Cruising Antarctica aboard the purpose-built, steel-hulled Hanse Explorer is a real adventure, but with captain Jens Koethen and his crew, alongside experienced naturalist and EYOS Expeditions leader Richard White, we explored the seventh continent in great comfort, surrounded by ever-changing nature and wildlife over 7 unforgettable days.
Our journey begins in Punta Arenas, Chile. From here, we’re whisked away; our 90-minute Antarctic Airways flight lands on the natural airstrip at Chile’s Presidente Eduardo Frei Montalva base. A Zodiac takes us to the Hanse Explorer, where Richard White welcomes us. Before we know it, we’re off. We’re finishing dinner as we make our first wildlife encounter: a fur seal, who greets us as we approach Half Moon Island, a desolate, 171ha landmass just north of Burgas Peninsula.
We’re awoken by an otherworldly sight: colossal icebergs all around. We’re sailing the Antarctic Sound, off the northeastern part of the Antarctic Peninsula. After lunch, we make our way towards Brown Bluff, where we get a glimpse of a surprisingly loud colony of thousands of Adélie penguins, accompanied by their chicks. A jaunt to Fridtjof Sound, separating Andersson and Jonassen Island, gives way to awe-inspiring views of carvings and ice formations all around.
We’re en route to Spert Island, passing fantastical ice formations in stunning shades of blue along the way. We dock at Mikkelsen Harbour, on the southern coast of Trinity Island, where we witness a sizable gentoo penguin “highway”, a trail formed as the animals move up and down from the water to their colonies. A three kilometre-long beach is an eerie graveyard for whalebones and the abandoned remains of a shipwreck. From there, we head for Gerlache Strait.
The next morning, we approach Lemaire Channel, a steep-sided strait, 11 kilometers long and – without ice blocking the way – just 1,600m wide. Today, icebergs crowd the photogenic passage dubbed the “Kodak Gap”, but we manage to navigate our way through. We disembark at the Ukrainian Vernadsky Research Base where the scientists showed us around and explained how life really is on the base. Later we paid a visit to the Wordie House, a museum with more than 500 artefacts curated by the Antarctic Heritage Trust. Crashing through the ice at Grandidier Channel is great fun, and demonstrates just how strong the vessel really is. After dinner, we trail a pod of feeding humpback whales with our Zodiacs.

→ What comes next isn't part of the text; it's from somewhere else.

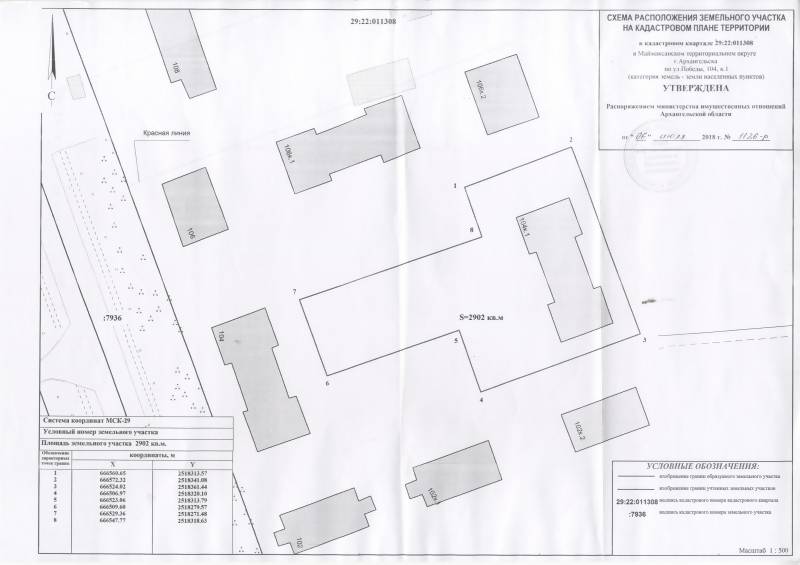 Изъятие земельных участков схема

Entering the Lemaire Channel from the other side is an equally breathtaking sight. After breakfast, we hop in our kayaks to explore Paradise Bay, passing a penguin colony and witnessing an avalanche as we make our way to Neko Harbour. Here, we’re treated to a spectacular, panoramic vista, though it was our next experience – a polar plunge into the water at -0.5°C – that really gets our adrenaline pumping. From there, we head straight for the Errera Channel, where we once again take to the Zodiacs to admire humpback whales swimming against the sunset.
At Lindblad Cove – a strait filled with icebergs in all manner of sizes – we take the Zodiacs to Astrolabe Island to catch a glimpse of seals of the crab-eater, fur and leopard variety at play. Our last dinner together, prepared by chef Luis Galego, is a superlative one: we start with a puff basket and goat’s cheese salad, then move on to beef tenderloin Tornedo in red wine sauce, served with steam beans and potato gratin; it’s all crowned by a delicious cake – a fabulous way to end an extraordinary trip.
It’s an overnight cruise back to King George Island, where we pack, then bid adieu to the captain and crew. On our flight back to Punta Arenas, my sea legs are already missing the Hanse Explorer and its team. Indeed, it’s been the journey of a lifetime.